Problem to solve: The answer should consist of each line from the data below that includes "glyphicon".

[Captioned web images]
--------------------------------

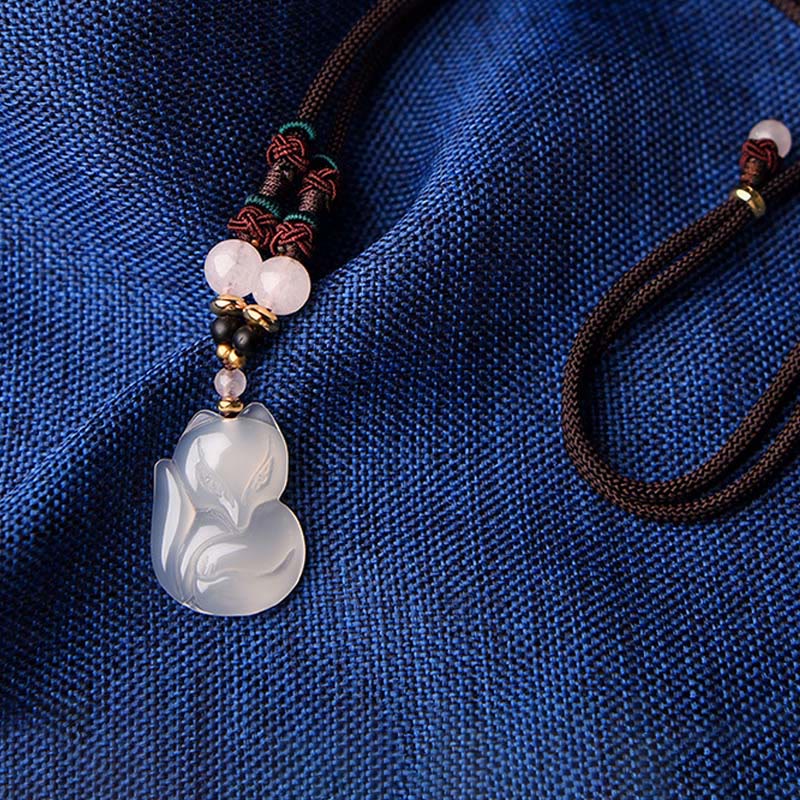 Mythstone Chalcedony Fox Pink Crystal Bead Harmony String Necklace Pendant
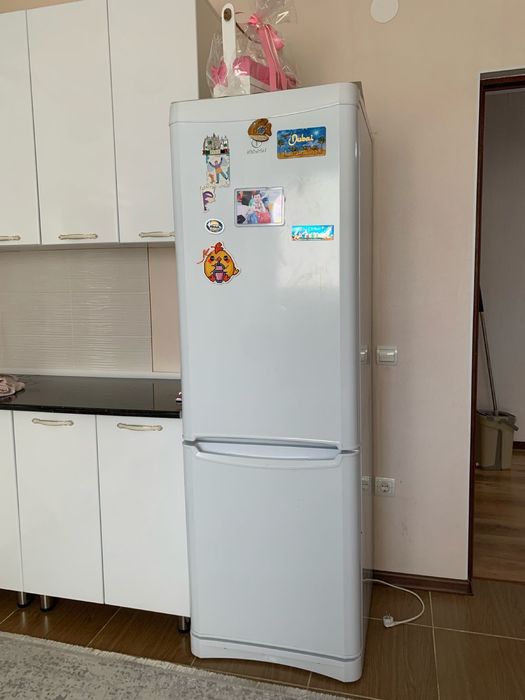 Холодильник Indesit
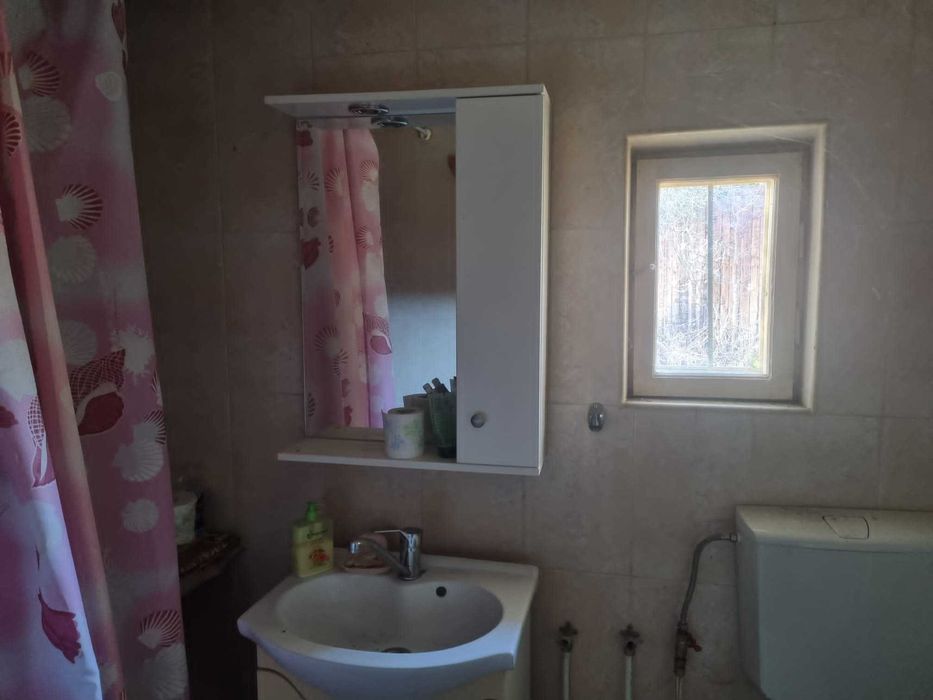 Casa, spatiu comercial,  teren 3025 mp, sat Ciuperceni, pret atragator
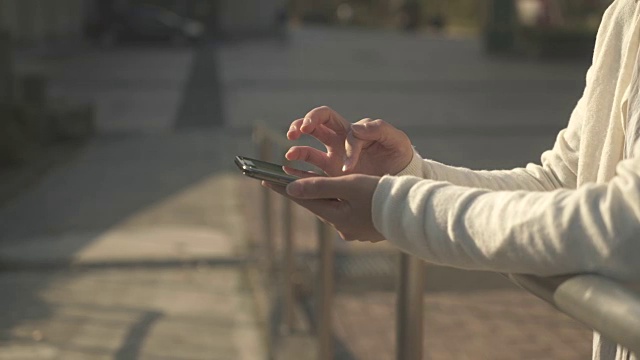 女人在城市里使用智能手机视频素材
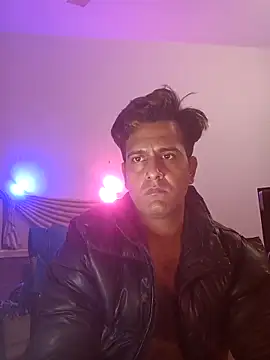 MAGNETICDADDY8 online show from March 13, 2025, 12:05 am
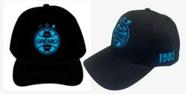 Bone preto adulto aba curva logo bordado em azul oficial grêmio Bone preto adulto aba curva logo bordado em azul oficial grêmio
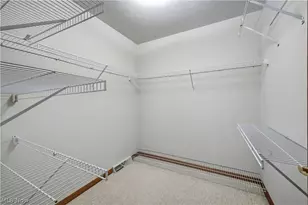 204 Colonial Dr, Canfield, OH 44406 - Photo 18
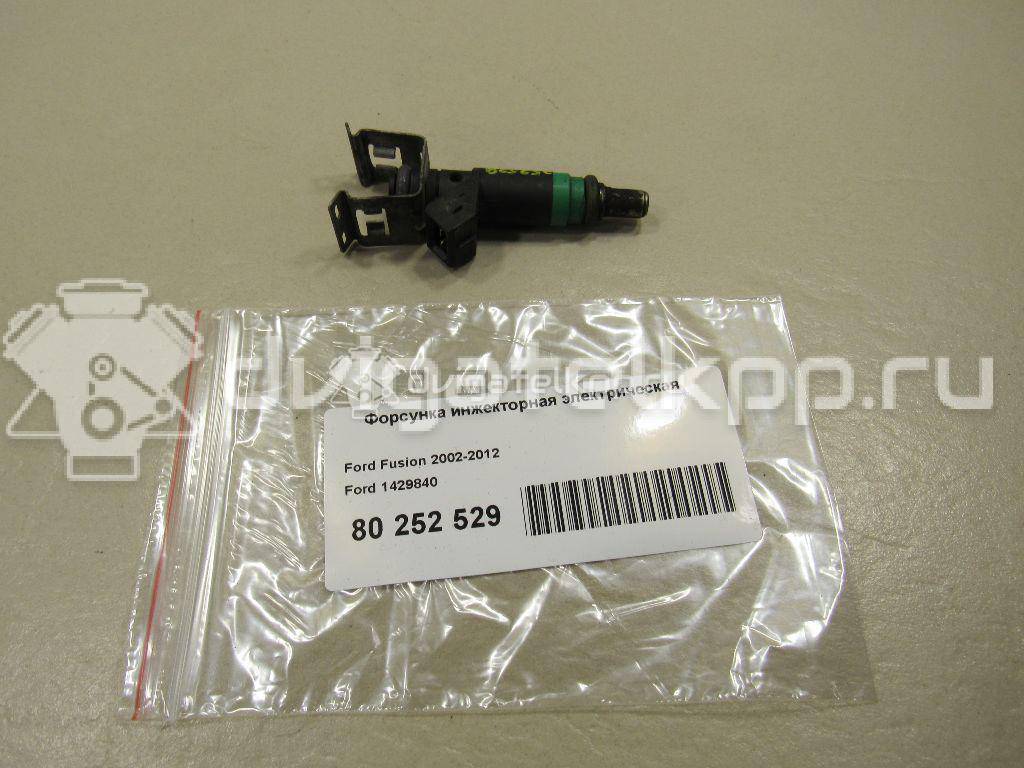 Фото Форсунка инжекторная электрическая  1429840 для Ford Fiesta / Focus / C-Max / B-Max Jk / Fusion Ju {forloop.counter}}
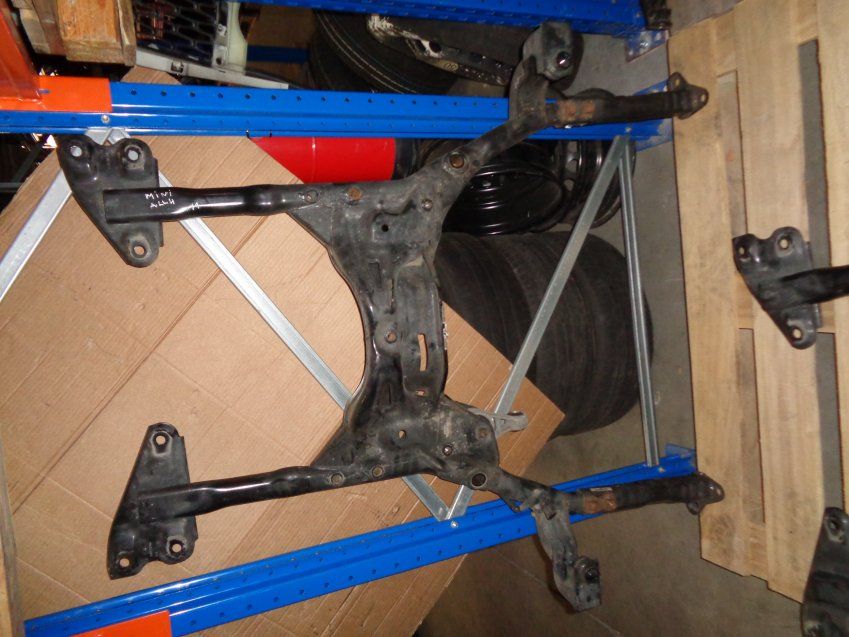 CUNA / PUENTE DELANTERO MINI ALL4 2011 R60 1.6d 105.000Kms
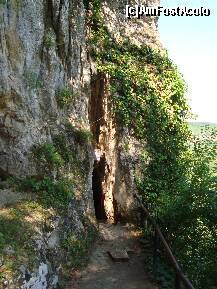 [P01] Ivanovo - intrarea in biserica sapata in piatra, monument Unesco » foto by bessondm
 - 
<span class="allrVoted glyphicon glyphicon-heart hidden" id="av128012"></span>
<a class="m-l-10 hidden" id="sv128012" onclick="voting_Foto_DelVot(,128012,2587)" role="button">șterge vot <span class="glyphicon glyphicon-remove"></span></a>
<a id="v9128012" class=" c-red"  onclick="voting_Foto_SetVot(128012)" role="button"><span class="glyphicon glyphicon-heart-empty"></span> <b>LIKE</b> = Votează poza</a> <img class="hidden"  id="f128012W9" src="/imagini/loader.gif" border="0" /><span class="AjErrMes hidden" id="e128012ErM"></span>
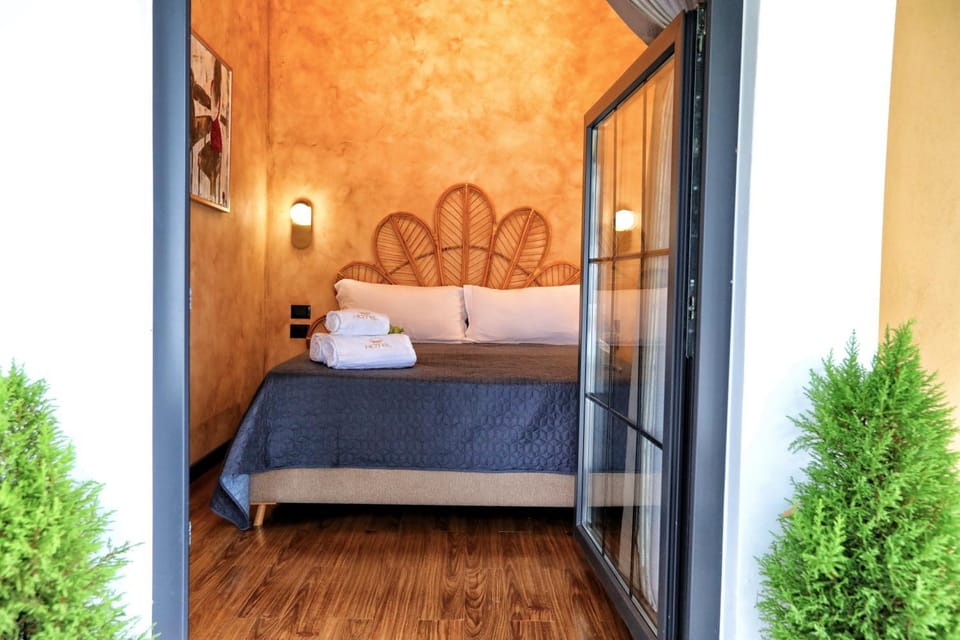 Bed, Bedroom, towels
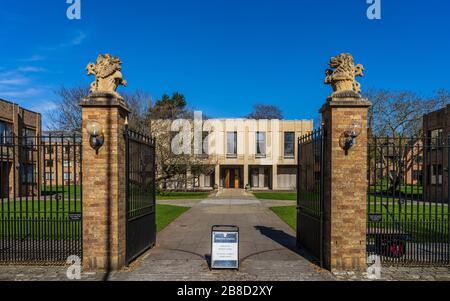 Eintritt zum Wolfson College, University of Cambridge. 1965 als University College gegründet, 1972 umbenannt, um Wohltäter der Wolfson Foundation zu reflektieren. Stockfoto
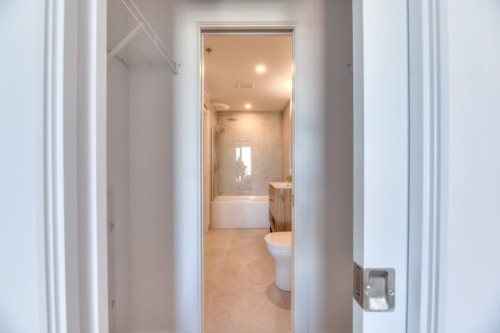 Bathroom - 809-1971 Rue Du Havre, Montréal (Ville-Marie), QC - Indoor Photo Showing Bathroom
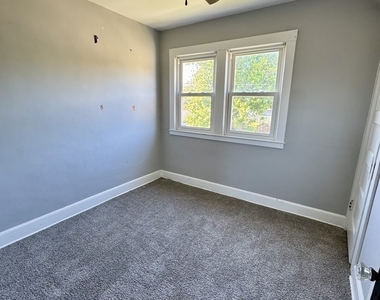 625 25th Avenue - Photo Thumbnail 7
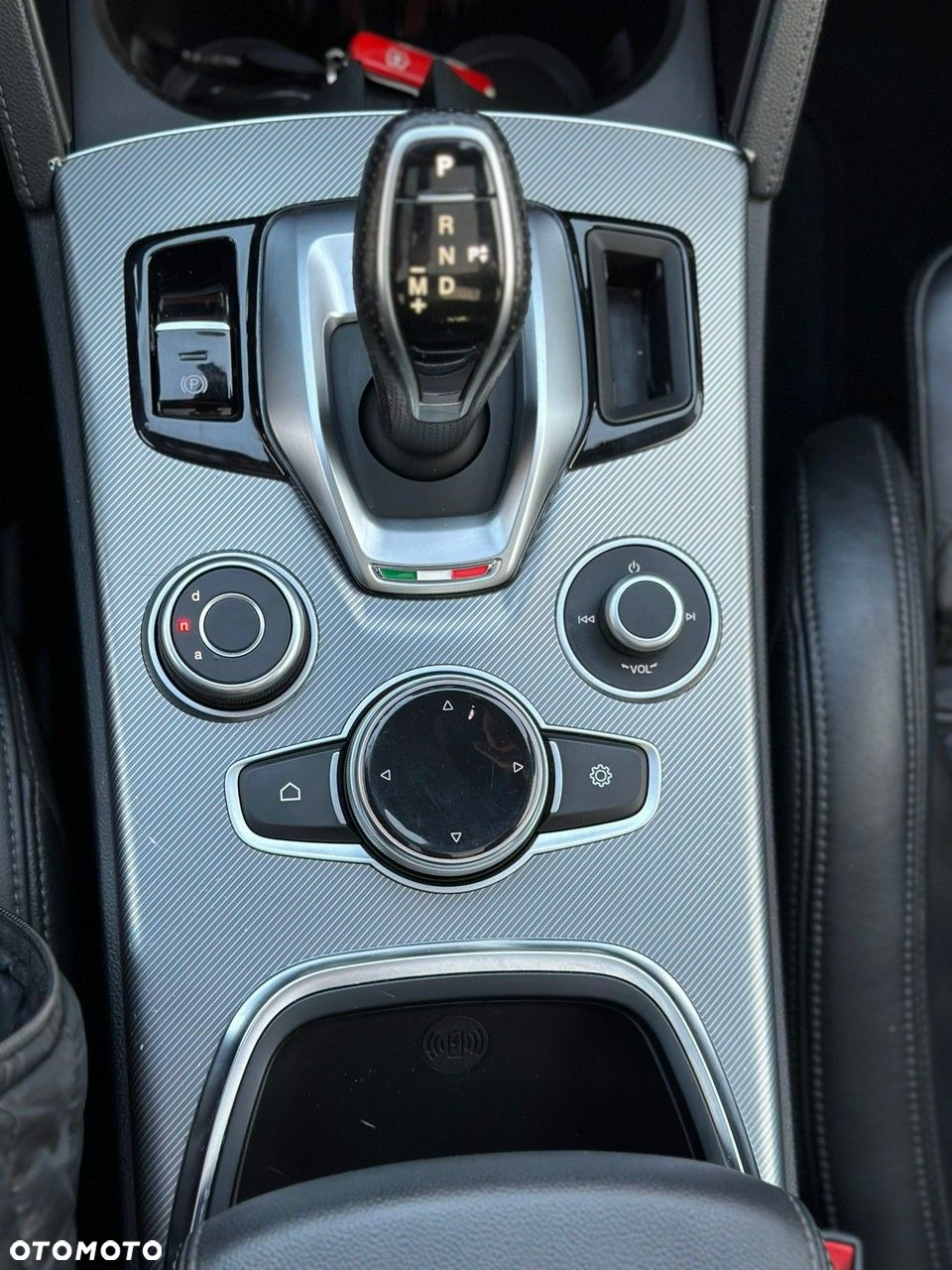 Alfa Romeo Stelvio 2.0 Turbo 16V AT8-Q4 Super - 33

--------------------------------

Result:
<span class="allrVoted glyphicon glyphicon-heart hidden" id="av128012"></span>
<a class="m-l-10 hidden" id="sv128012" onclick="voting_Foto_DelVot(,128012,2587)" role="button">șterge vot <span class="glyphicon glyphicon-remove"></span></a>
<a id="v9128012" class=" c-red"  onclick="voting_Foto_SetVot(128012)" role="button"><span class="glyphicon glyphicon-heart-empty"></span> <b>LIKE</b> = Votează poza</a> <img class="hidden"  id="f128012W9" src="/imagini/loader.gif" border="0" /><span class="AjErrMes hidden" id="e128012ErM"></span>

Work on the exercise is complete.